This recent New York Times article, Sometimes You Have to Quit to Get Ahead: Winners are just people who know when to quit – and often do, may be an eye-opener for fundraisers and nonprofit executives.
- What do you mean quit soliciting a donor?
- What do you mean stop holding the annual (gala, golf tournament, fundraiser), even if attendance and return on investment has declined 4, or 5 years in a row?
- What do you mean stop sending the same planned giving messaging to all donors?

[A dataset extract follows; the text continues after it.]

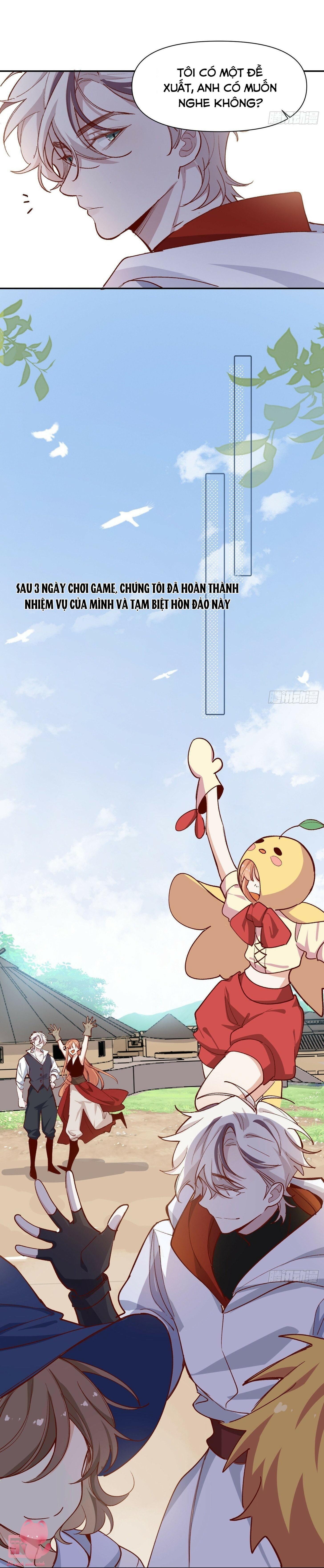 mười năm sau, tôi kết hôn cùng kẻ thù không đội trời chung chapter 42 17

The article introduces the concept of strategic quitting. No one would suggest that you willy nilly drop a donor, stop holding your fundraising gala, or discontinue planned giving marketing. What the Times article does suggest is that you learn about two concepts:
- Lost Opportunity Cost – Every moment you spend working on X is a moment that you cannot spend doing Y.

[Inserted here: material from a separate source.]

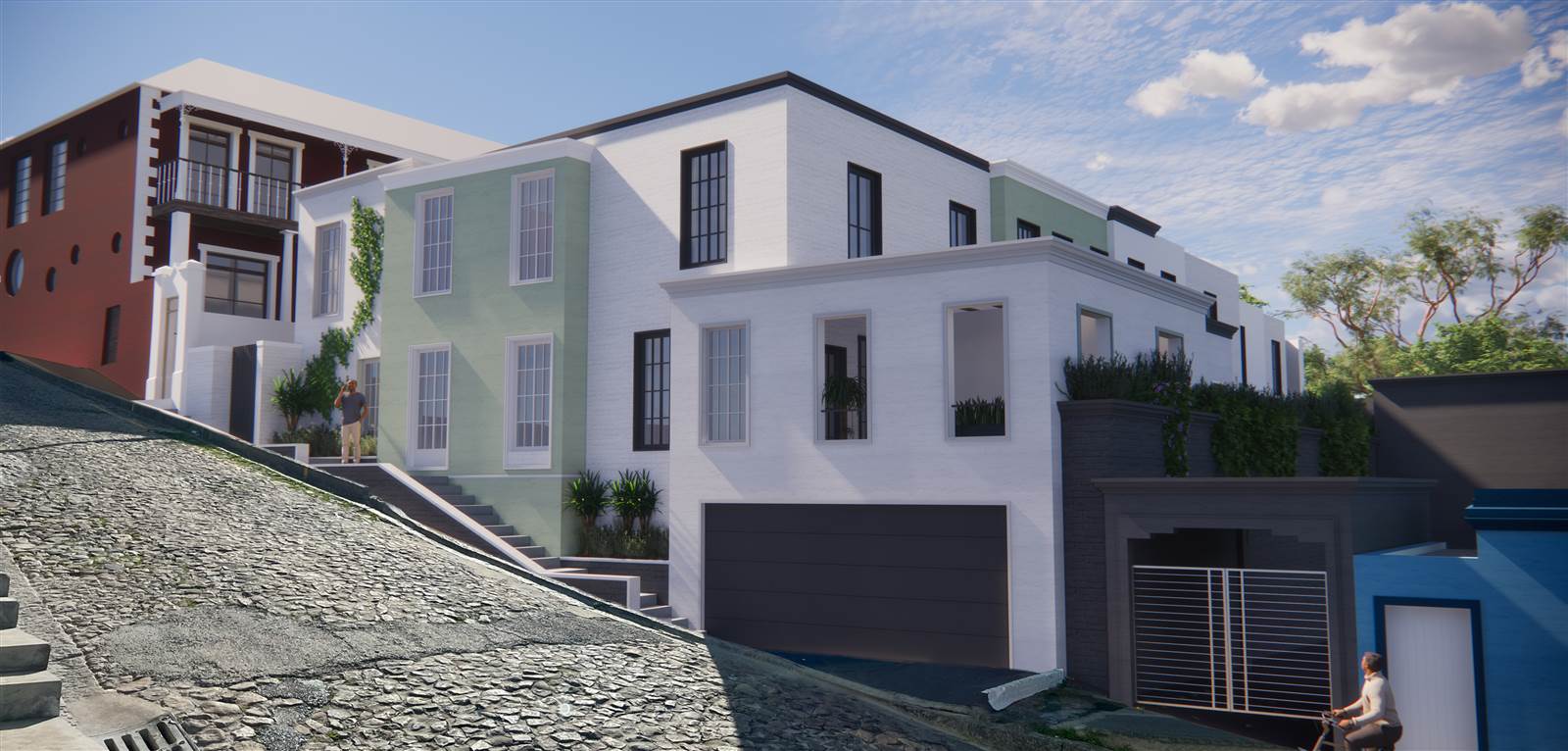 2 Bed Townhouse in Bo-Kaap photo number 3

For example, if you are the nonprofit ED or lead fundraiser and are buying and delivering water to the annual golf tournament you don’t have time to speak with key donors attending the event. (Which activity to you think has more impact?)
- Sunk Costs – A variation on lost opportunity cost.
What’s the difference? As the article indicates; you “double down” on the amount of time spent thinking that ongoing or increased effort will lead to a different or better outcome. However, as the article states: “For every moment you double down on something that’s not working out, you are forgoing other potentially valuable opportunities.” (Can you ID a time when you doubled down on an activity yet the extra effort didn’t bear fruit?)